In the present case the relief claimed in the suit is that the document dated 1-6-1958 in which the plaintiff had acknowledged that he had only one third share may be cancelled, apparently on the ground that the plaintiff had in fact half the share in the land in question. Issue No. 1 framed in the case is, 'whether the plaintiff had half share in the tenancy rights, in the land detailed inthe schedule annexed to the plaint.' It is well established that in order to determine the true nature of the relief claimed in a suit, the pith and substance, and not the form in which the relief may be couched has to be considered. On considering the pleadings in the plaint in the present case carefully and applying the doctrine of pith and substance of the pleadings. I have come to the conclusion that the relief claimed in the suit really amounted to a relief for a declaration that the plaintiff had half share in the land in question. The suit in the present case cannot be said to be one for mere avoidance of the document.
It may be noticed that according to the pleadings the document cannot be set aside, unless a clear finding is given on the first issue namely whether the plaintiff has half share in the land in question and not one-third as mentioned in the document itself. It cannot be said in the present case that unless the deed is cancelled the Revenue Court cannot give a declaration as to the extent of the share of the appellant in the land in question.
In the Allahabad case: AIR 1952 All 922 referred to above it was observed that unless a proper court cancelled the deed the Revenue Court could not ignore its effect and could not give a declaration as to the right of the appellant. That situation, however, does not exist in the present case. A reference to Section 38 of the Rajasthan Tenancy Act No. 3 of 1955 read with Item 5, Third Schedule appended thereto would clearly show that any person claiming to be a tenant may sue for a declaration that he is a tenant or for declaration of his share in such joint tenancy. Consequently the present suit clearly lay before a Revenue Court. The plaintiff has expressly indicated in the plaint that he intended that the Court should grant a declaration that he has got half share in the land. In this view of the matter, the suit should have been filed in the Revenue Court.

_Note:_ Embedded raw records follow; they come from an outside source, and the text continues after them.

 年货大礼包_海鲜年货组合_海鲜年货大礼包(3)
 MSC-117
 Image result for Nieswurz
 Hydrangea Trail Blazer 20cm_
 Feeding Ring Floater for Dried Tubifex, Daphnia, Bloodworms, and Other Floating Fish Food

10. Learned counsel for the appellant submitted that the objection regarding jurisdiction was not taken up by the defendant at any stage of the litigation so far and therefore he must be deemed to have waived this objection. I am, however, unable to accede to this contention because the nature of the objection regarding jurisdiction in the present case goes to the very root of the matter and as I have held above there was lack of inherent jurisdiction in the Civil Court to try this suit, and grant appropriate relief on its basis. Such an objection, in my view, can be taken at any stage. Moreover, the decision of this question does not require any investigation into the facts.

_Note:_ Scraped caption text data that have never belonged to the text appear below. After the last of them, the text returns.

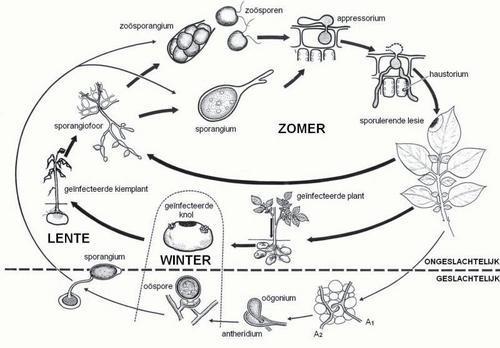 3. Plantenziekten en hun verweer De ziekteverwekker: Phytophthora Infestans (bron: databank: groenkennis.nl ) Levenscyclus aardappelziekte (bron: Wikipedia).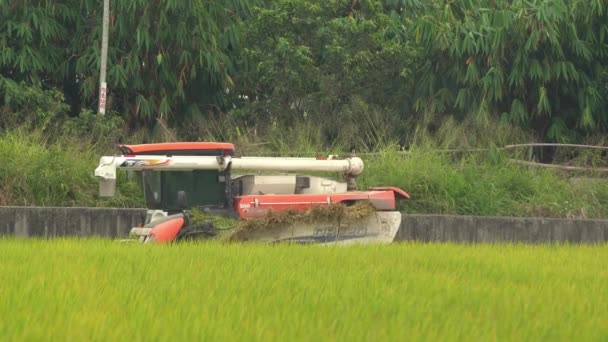 Farmář Sklízí Plodiny Multifunkčním Rýžovým Sklízecím Strojem Rýžový Sklízecí Traktor — Stock video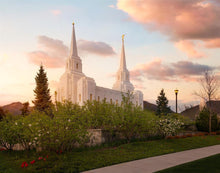 Load image into Gallery viewer, Brigham City into Spring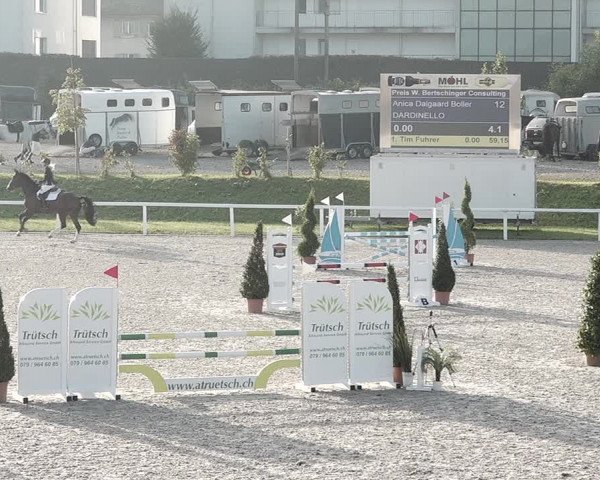 Pferdesporttage Bülach 2021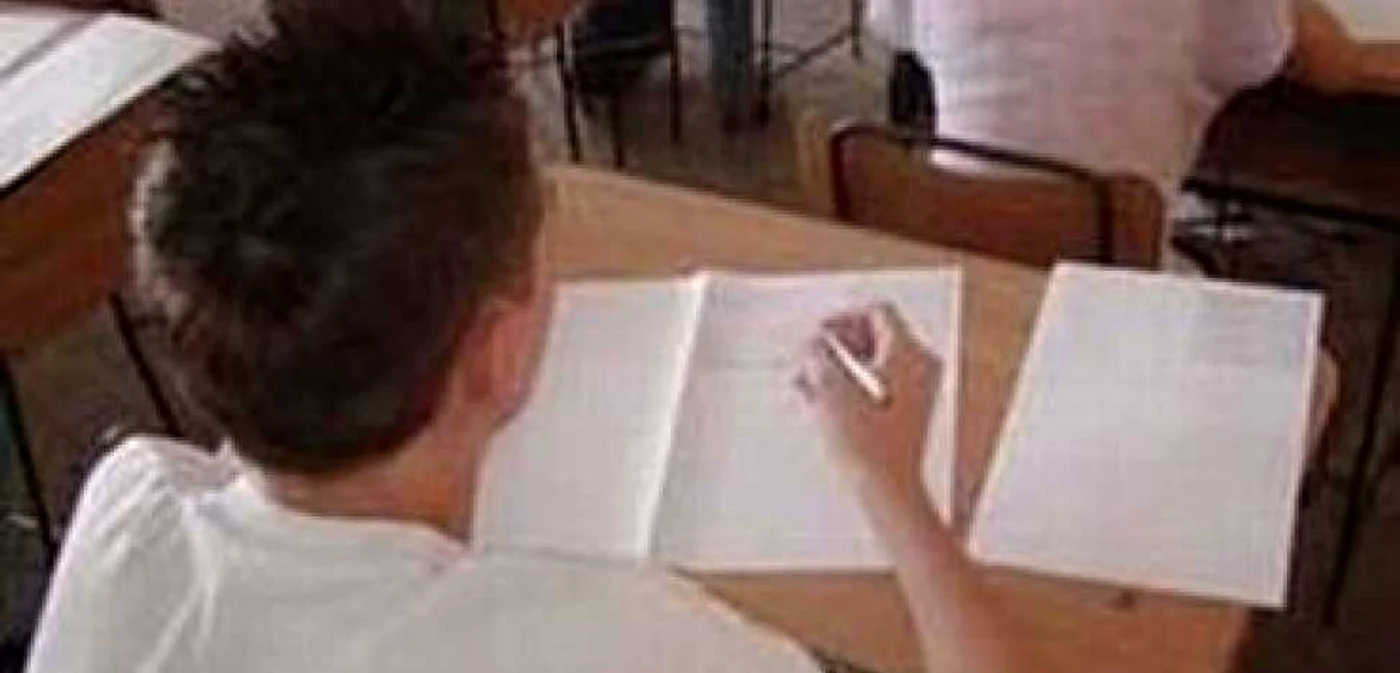 Suceava: Micii matematicieni revin acasă cu 18 medalii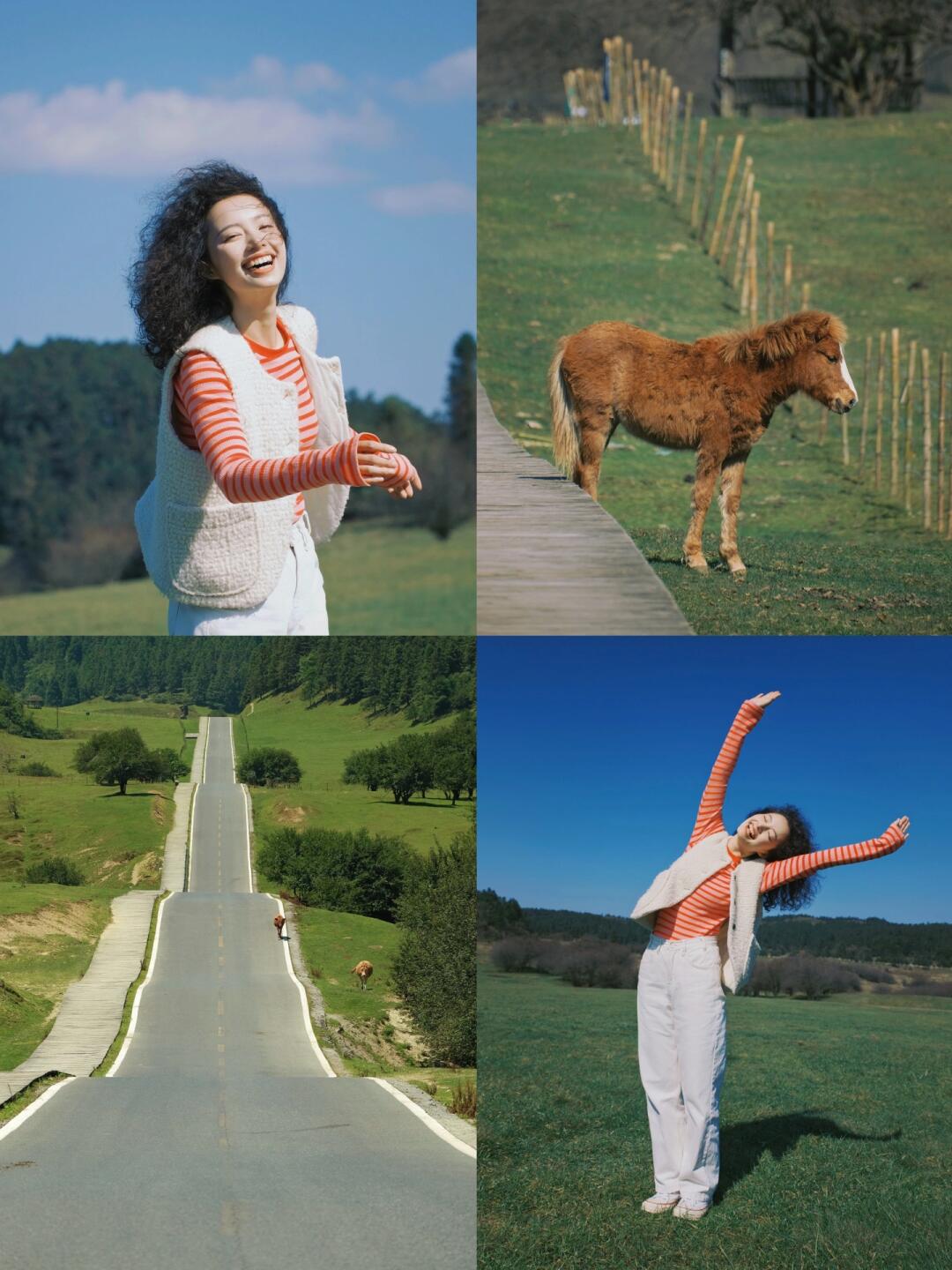 不是川西去不起，而是仙女山更有性价比 ！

11. The result is that I allow this appeal, set aside the judgments of thecourts below, and hereby direct that the plaint shall be returned to the plaintiff-appellant for presentation to the proper Court. In the circumstances of the case, I leave the parties to bear their own costs throughout.
12. Learned counsel for the appellant prays for leave to appeal to Division Bench. However I do not consider it a fit case for grant of leave. The prayer is disallowed.